[[ EXTRACTED MATERIAL open ]]
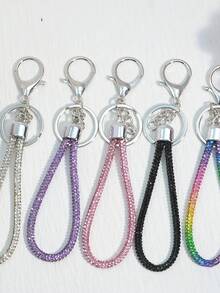 1-5pcs Fashion Rhinestone Pendant Keychain Bag Car Key Chain Pink Women Simple Key Chain - Multicolor - View 1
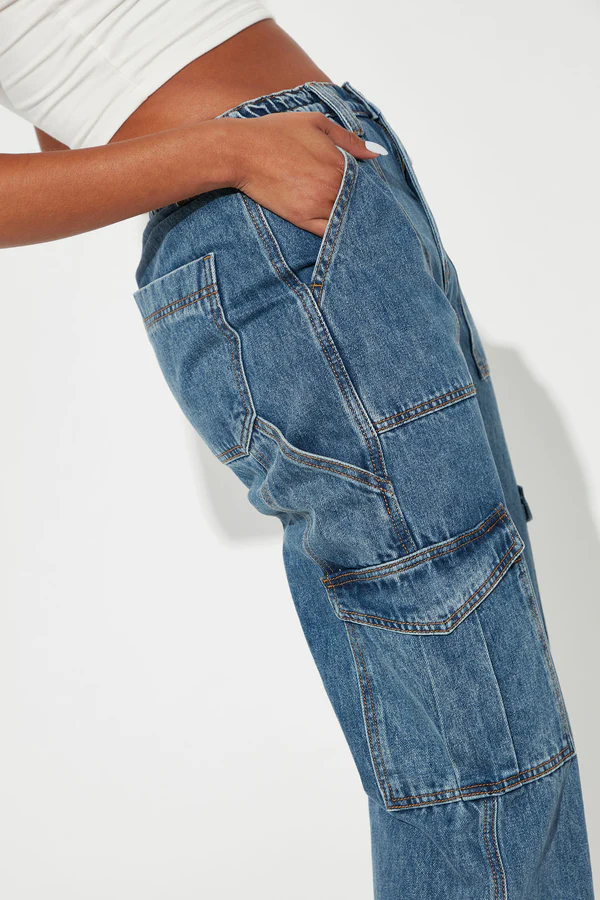 Jeans Tall Dont You Worry Wide Leg Cargo Deslavado Medio Azul-2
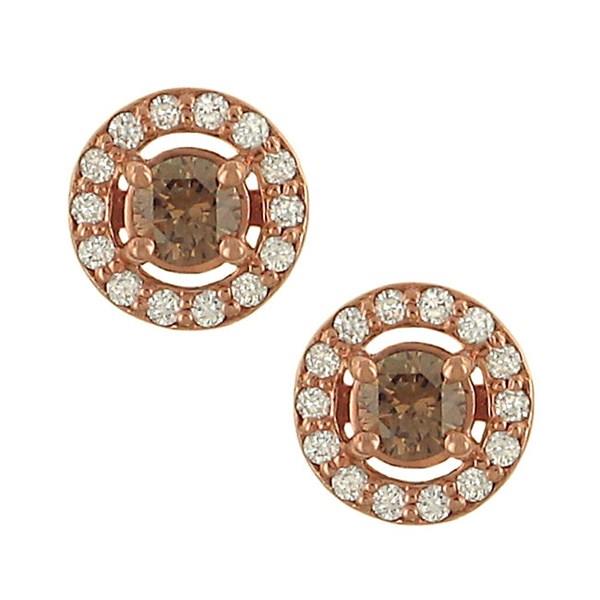 14K Gold Champagne and White Diamond Halo Stud Earrings (.62cttw Diamonds)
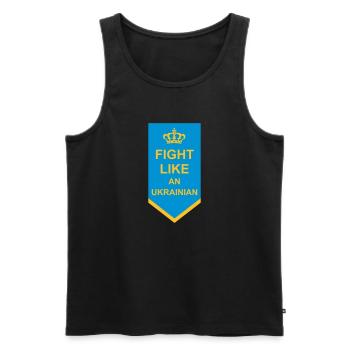 fight like ukrainians Zitat - Männer Premium Bio Tank Top - Schwarz - Vorne - Michal (187cm)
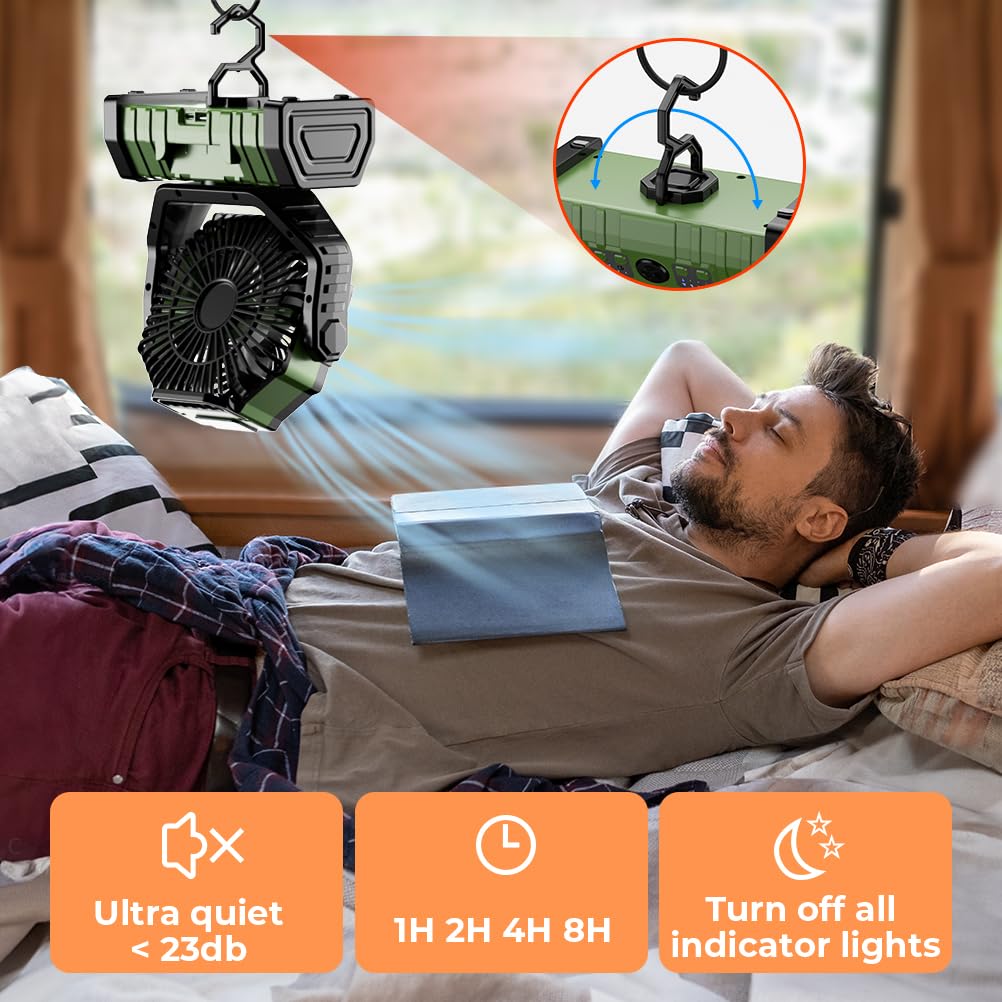Camping Fan 20000mAh Battery P - Outdoor Power With Timer ulasan dan harga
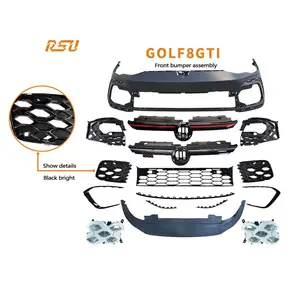 大众高尔夫8前保险杠车身套件和雾灯2018的改装汽车零件-2021升级到高尔夫8 GTI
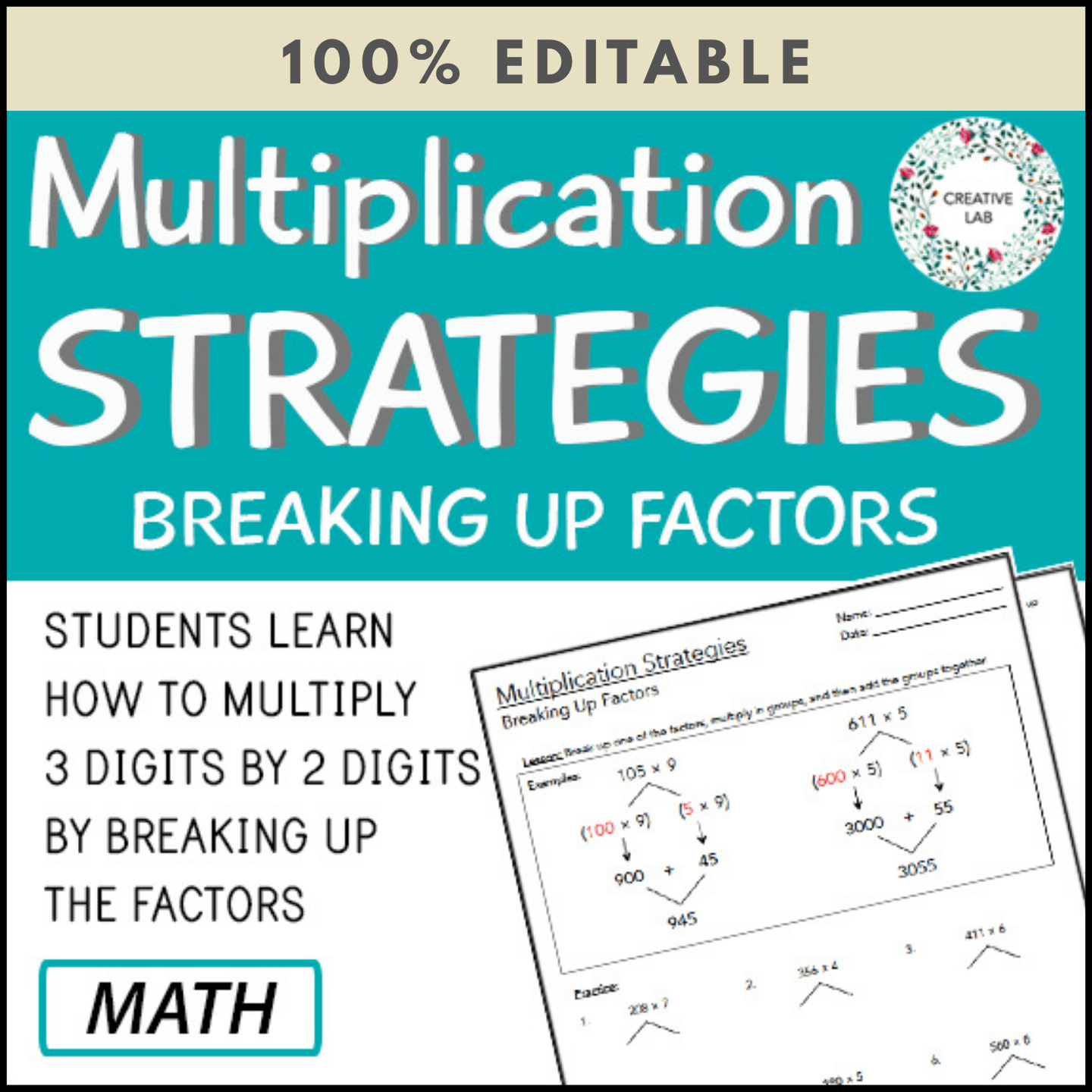 Multi-Digit Multiplication Strategies - Breaking Up Factors - 100% Editable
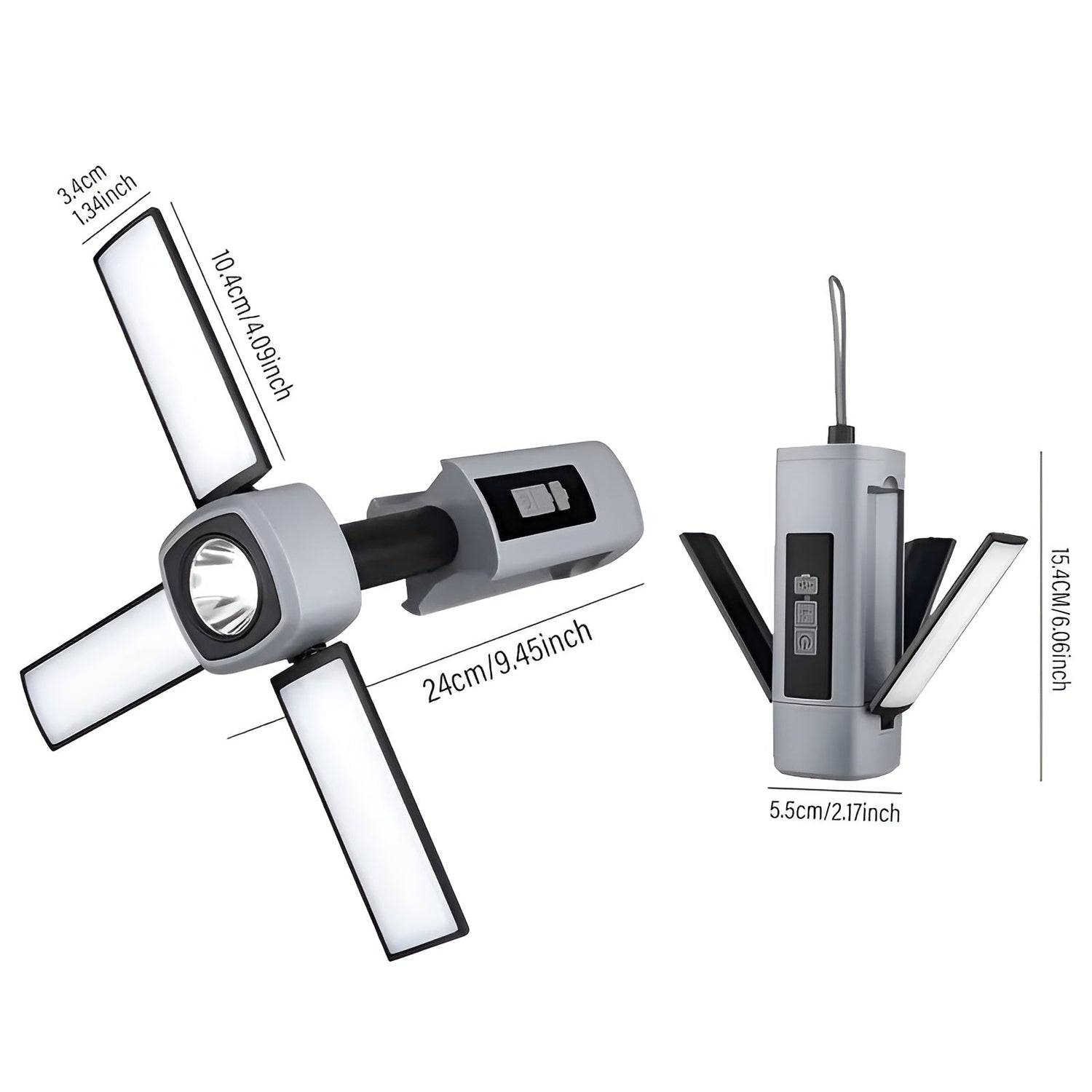 Campinglampa med USB-laddning – Bärbar &amp; 360° roterbar | Ideal för utomhus &amp; nödsituationer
[[ EXTRACTED MATERIAL closed ]]
WHAT TO WORK ON
Every line from the one containing "Multi-Digit Multiplication Strategies" through the final line of the records above is to be written out exactly; nothing else, and no pictures.

EXERCISE ANSWER
 Multi-Digit Multiplication Strategies - Breaking Up Factors - 100% Editable
 Campinglampa med USB-laddning – Bärbar &amp; 360° roterbar | Ideal för utomhus &amp; nödsituationer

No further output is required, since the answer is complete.